Avantageux mais complexe, le régime enregistré d’épargne études (REEE) doit être souscrit avec précaution. Au moment de le faire, on doit discuter avec les promoteurs des caractéristiques du produit, des circonstances, et des besoins présents et futurs des souscripteurs et des bénéficiaires. Voici ce qu’il faut comprendre.
Le REEE a été introduit dans la Loi de l’impôt sur le revenu (L.I.R.) en 1974. Les dispositions de la loi ont évolué, mais la structure du régime reste la même : un souscripteur conclut un contrat avec un promoteur afin d’épargner pour financer les études postsecondaires d’un bénéficiaire, en versant des cotisations détenues dans un compte en fiducie exonéré d’impôt. Le REEE est régi par la Loi canadienne sur l’épargne-études et ses règlements ainsi que le droit civil des contrats applicable dans la province.

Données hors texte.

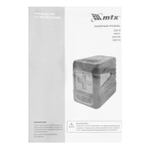 Лазерный уровень QBC GREEN Basic SET, 20 м, зеленый луч, батарейки, резьба 1/4" MTX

Déduction des cotisations : aucune.
Imposition : les cotisations sont libres d’impôt lors du retrait et peuvent être retournées au souscripteur. La portion rendement et les subventions gouvernementales sont à l’abri de l’impôt tant qu’elles demeurent dans le REEE, mais sont incluses dans le revenu du bénéficiaire au moment du retrait sous la forme de paiement d’aide aux études (PAE). La portion rendement à l’abri de l’impôt peut être payée au souscripteur sous la forme de paiement de revenu accumulé (PRA), s’il doit y être mis fin, à condition que le REER de ce dernier contienne assez de droits inutilisés pour y transférer jusqu’à 50 000 $ de PRA, sans entraîner d’impôts immédiats. Autrement, un impôt majoré de 20 % (12 % + 8 % au Québec) et des pénalités peuvent s’appliquer.
Plafond annuel des cotisations : aucun (il a été aboli en 2007). Ce qui permet des cotisations de récupération.
Plafond cumulatif des cotisations : 50 000 $ à vie par bénéficiaire depuis 2007. Durée maximale : 35 ans (40 ans si le bénéficiaire est handicapé et admissible au crédit d’impôt pour personne handicapée [CIPH]). Subvention canadienne pour l’épargne-études (SCEE) : 20 % des cotisations annuelles jusqu’à un maximum de 500 $/an et 7200 $ à vie.
SCEE supplémentaire : de 10 % à 20 % de la première tranche de 500 $ de cotisation annuelle, selon le revenu familial. La cotisation de 500 $ doit être faite chaque année, sinon la bonification est perdue.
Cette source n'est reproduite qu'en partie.